L'eccellente prova di Vicky Krieps
Un elemento molto curato è quello della messa in scena che se, ad un primo sguardo, può sembrare molto classica in alcuni momenti regala immagini studiate nei minimi dettagli, quasi in modo maniacale, e profondamente simboliche. Da parte sua l'attrice Vicky Krieps, vista di recente ne Il corsetto dell'imperatrice, contribuisce con la sua interpretazione a rendere tutto questo possibile. Sempre misurata, mai sopra le righe, offre allo spettatore una Ingeborg Bachmann fragile e allo stesso tempo risoluta, una presenza che riempie qualsiasi scena: che sia una piccola stanza o un immenso deserto il suo carisma è in grado di prendere assoluto possesso dell'inquadratura dove lei è sempre al centro eppure mai ridondante.
Conclusioni
Tirando le somme della nostra recensione di Ingeborg Bachmann - Journey into the Desert possiamo affermare che il film di Margarethe von Trotta si prende sulle spalle l’arduo compito di raccontare la poeta e scrittrice del novecento.
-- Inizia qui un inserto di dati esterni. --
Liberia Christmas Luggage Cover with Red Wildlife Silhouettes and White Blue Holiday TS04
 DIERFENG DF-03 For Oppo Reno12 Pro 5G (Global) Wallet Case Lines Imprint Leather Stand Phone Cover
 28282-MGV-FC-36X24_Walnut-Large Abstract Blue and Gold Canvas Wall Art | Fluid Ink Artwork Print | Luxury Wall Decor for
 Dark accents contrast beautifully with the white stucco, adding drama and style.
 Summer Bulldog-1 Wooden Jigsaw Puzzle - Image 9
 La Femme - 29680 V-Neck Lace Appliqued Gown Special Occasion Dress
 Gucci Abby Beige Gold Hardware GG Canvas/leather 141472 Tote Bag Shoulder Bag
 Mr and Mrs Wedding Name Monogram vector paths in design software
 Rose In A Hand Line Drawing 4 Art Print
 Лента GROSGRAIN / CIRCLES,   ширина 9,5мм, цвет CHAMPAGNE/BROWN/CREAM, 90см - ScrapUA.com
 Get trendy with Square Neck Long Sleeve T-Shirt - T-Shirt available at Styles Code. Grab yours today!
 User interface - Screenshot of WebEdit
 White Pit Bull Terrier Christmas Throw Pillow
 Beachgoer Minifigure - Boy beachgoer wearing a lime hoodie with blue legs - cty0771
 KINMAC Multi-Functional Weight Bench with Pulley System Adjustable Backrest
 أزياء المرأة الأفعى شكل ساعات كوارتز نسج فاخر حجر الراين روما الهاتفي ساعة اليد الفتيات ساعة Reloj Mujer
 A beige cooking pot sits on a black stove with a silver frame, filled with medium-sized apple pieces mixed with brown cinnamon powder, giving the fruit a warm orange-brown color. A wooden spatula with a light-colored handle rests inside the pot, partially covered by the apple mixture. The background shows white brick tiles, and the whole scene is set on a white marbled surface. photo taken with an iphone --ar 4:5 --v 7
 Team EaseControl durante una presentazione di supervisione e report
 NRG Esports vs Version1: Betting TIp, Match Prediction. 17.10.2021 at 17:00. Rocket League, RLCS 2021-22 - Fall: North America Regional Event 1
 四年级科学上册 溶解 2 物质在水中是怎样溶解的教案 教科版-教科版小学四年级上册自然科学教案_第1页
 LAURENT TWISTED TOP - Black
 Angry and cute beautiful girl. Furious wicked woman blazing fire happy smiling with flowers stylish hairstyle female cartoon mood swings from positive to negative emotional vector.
A fronte di una narrazione non proprio moderna abbiamo una messa in scena curata nei minimi dettagli dove il deserto diventa luogo dell’anime e l’attrice Vicky Krieps regala una Bachmann vera e complessa, una figura fragile e carismatica in grado di reggere l’intera opera.
Perché ci piace
- L’interpretazione di Vicky Krieps, misurata e carismatica.
- La messa in scena, curata nei minimi dettagli.
- La narrazione non lineare….
Cosa non va
- … che però risulta piuttosto vecchia nel modo di raccontare il personaggio.